## ASSIGNMENT
Copy the lines below, beginning with the one that contains "Practice Preach Quotes By Brother Lawrence" and continuing through the final line, exactly as written and with no other lines.

## TASK DATA
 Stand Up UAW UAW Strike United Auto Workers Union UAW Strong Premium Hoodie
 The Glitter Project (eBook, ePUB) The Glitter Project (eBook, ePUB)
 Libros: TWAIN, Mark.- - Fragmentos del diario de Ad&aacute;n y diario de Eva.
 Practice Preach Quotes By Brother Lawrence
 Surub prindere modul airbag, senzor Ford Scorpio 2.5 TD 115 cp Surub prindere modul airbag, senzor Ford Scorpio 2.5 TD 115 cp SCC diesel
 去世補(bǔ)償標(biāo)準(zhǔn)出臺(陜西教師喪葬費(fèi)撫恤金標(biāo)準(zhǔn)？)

## EXERCISE OUTPUT
 Practice Preach Quotes By Brother Lawrence
 Surub prindere modul airbag, senzor Ford Scorpio 2.5 TD 115 cp Surub prindere modul airbag, senzor Ford Scorpio 2.5 TD 115 cp SCC diesel
 去世補(bǔ)償標(biāo)準(zhǔn)出臺(陜西教師喪葬費(fèi)撫恤金標(biāo)準(zhǔn)？)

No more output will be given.